Assignment –
Copy all lines below exactly as written. Leave pictures out.

Provided data –
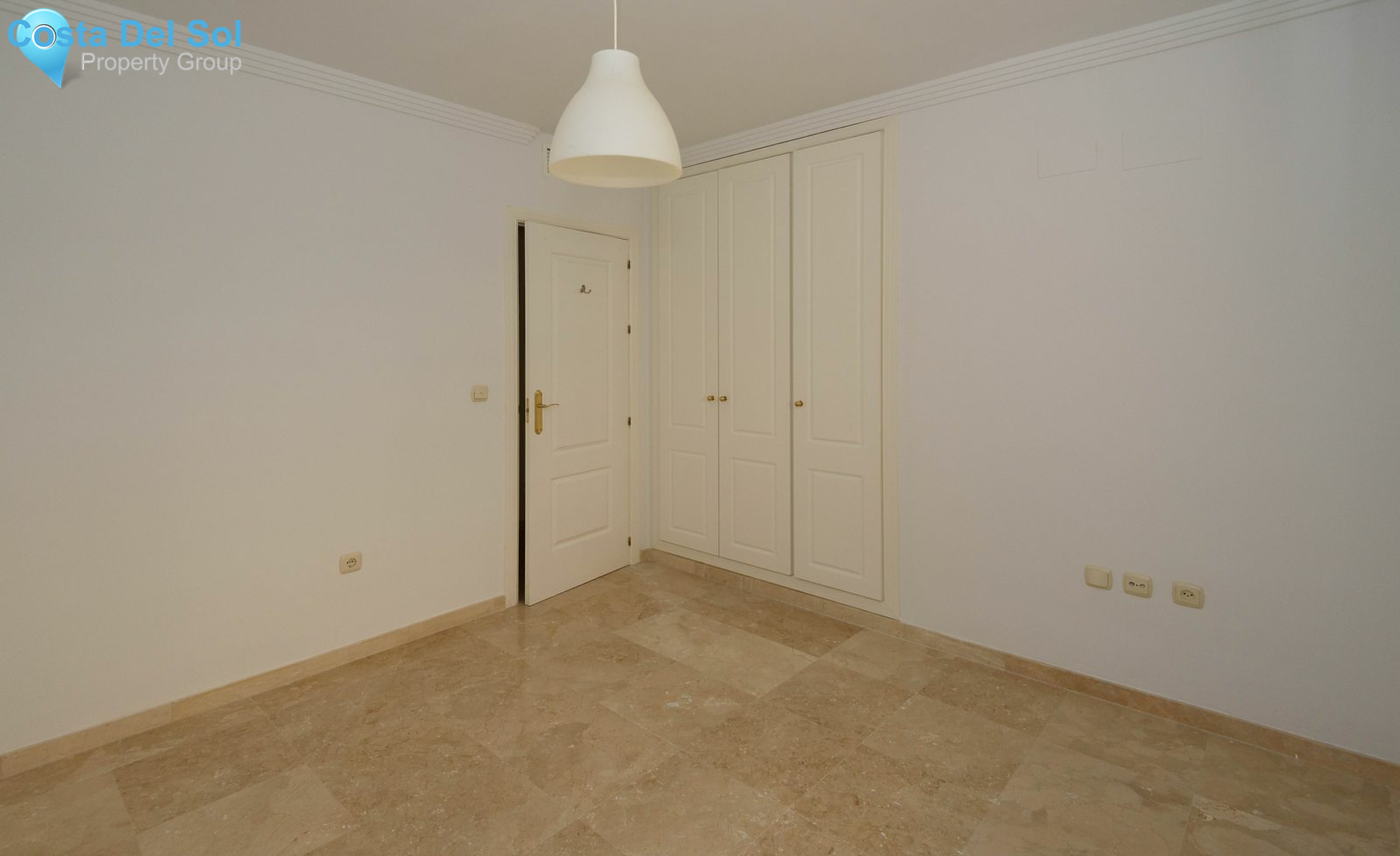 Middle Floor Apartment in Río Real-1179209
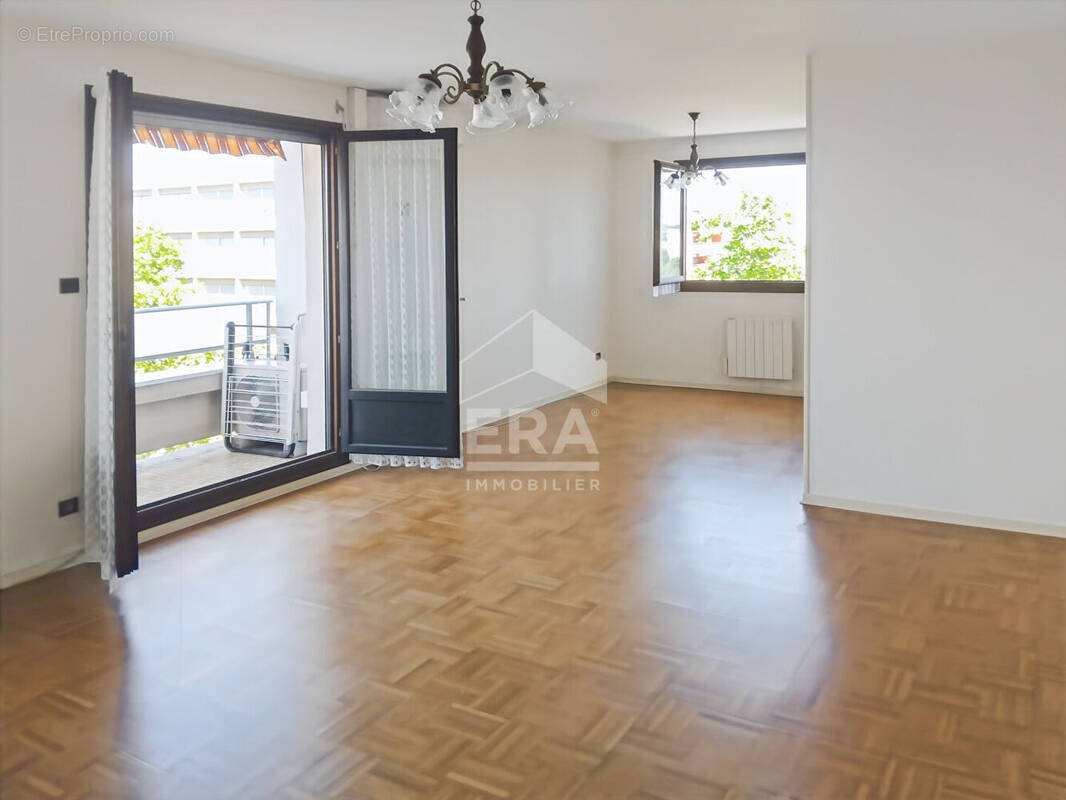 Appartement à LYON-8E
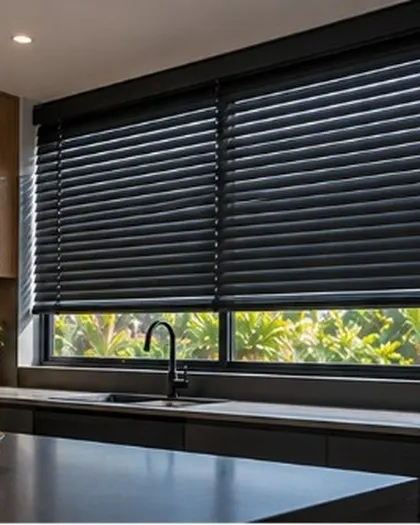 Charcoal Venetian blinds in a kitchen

Exercise output –
 Middle Floor Apartment in Río Real-1179209
 Appartement à LYON-8E
 Charcoal Venetian blinds in a kitchen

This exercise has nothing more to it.